MS has also stated that they do not expect the next two quarters to be much better. Which to me this translates as Windows Seven, when released will get about the same bounce as Vista did when released. Even if one thinks that Seven is just basically a Vista Service Pack with a new taskbar and some UI changes, its still (hopefully) an slightly improved Vista as such. But like Vista, its not going run on most of the older XP computers already being used by the masses, so Seven the service pack, like Vista before it, will depend on OEM's to pre-install it. Seven will sell few boxed standalone versions that are not OEM versions at retail. This is the one point that is different between Vista/Seven and XP.

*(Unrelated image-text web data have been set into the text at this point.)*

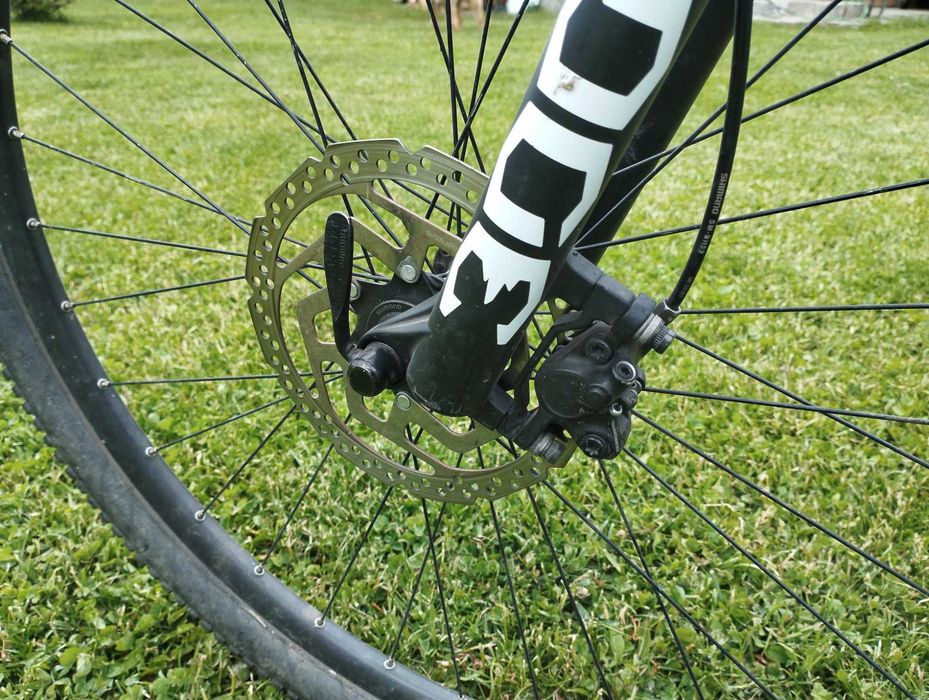 Motorower elektryczny 750 W, nowe części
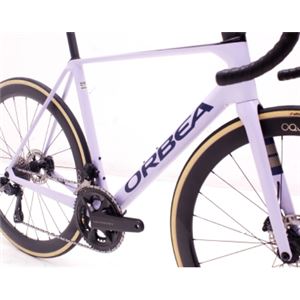 ORBEA ORCA M20ILTD 2024 SEGUNDA MANO BLANCO
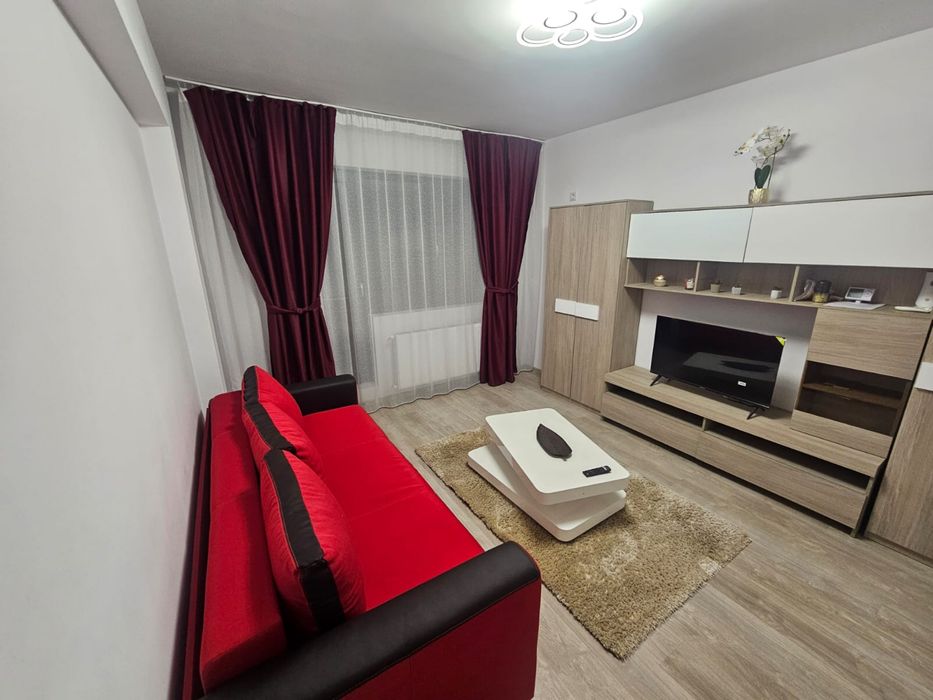 Proprietar-închiriez apartament 2 camere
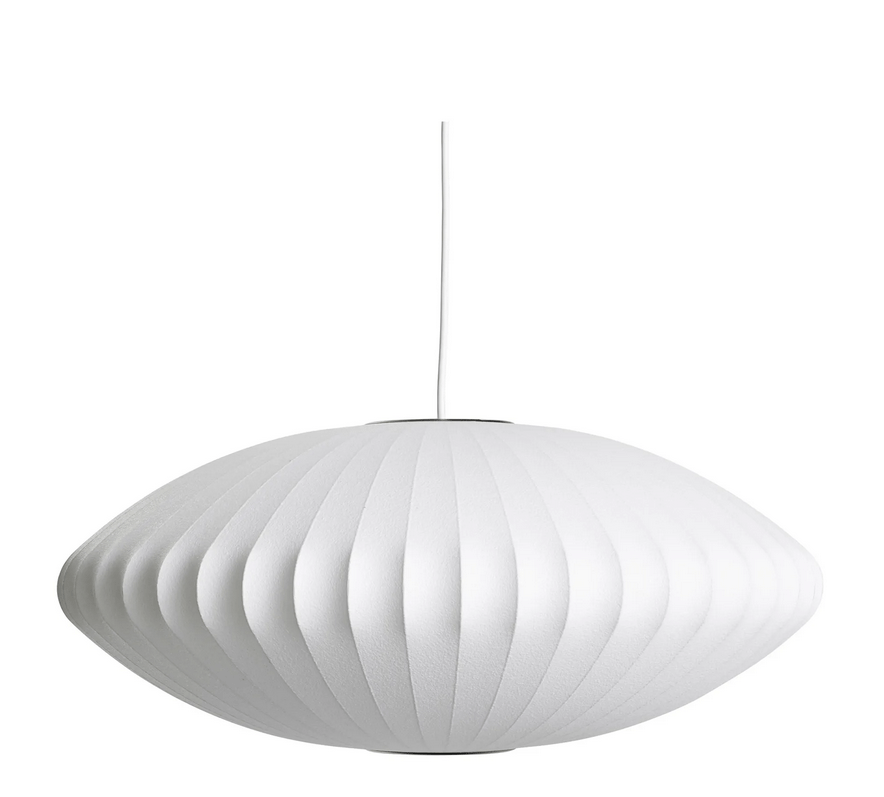 Nelson Bubble Saucer - HAY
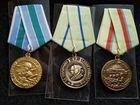 Копии медалей СССР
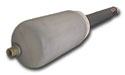 B&G 2 Quart Duster is shown.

In fact, XP not Vista, or Mac, or even Linux, is the main competition to Seven adoption. While many think that Vista has been a huge failure for MS, it still made them a whole lot of money. But at the same time, had it been a more accepted Windows than XP, it might have not started a migration to alternatives that has slowly taken place in the last 3 years, and is not showing any signs of lessening. Each percentage of desktop Operating System market share that MS loses is a lost of billions of dollars.

So will MS come back when the recession ends? Yes, I would think so, as the recession has clearly affected them. How well Seven does will also play a role in this. But the fact is, Mac is beating up on one of MS's OEM's most lucrative markets, the over $1000 laptop market in the USA, and the laptop hunters commercial instead of working seem to show Mac as cool. GNU/Linux and now Android, are impacting the price of Netbooks, which in turn affects the pricing of sub $500 Laptops stole. MS had to about give away XP and twist OEM's arms,in order to get GNU/Linux off Intel based Netbooks. MS has admitted in its first quarter disappointment that Linux hurt their profits because of this. And now the mix of premium Windows vs cheap Windows has increase dramatically to cheap, which is also decreasing MS profits overall, ie the last 2 quarters.

These last 3 trends for MS shows that while they should bounce back somewhat when the recession ends, they will most likely not bounce back to anywhere as strong as they once were. And then, add in that ARM laptops are coming, and that GNU/Linux, Android, or maybe Google Chrome OS, will be the OS of choice on those. This could be a wildcard that further affects MS, or maybe does not fly at all. Time will tell.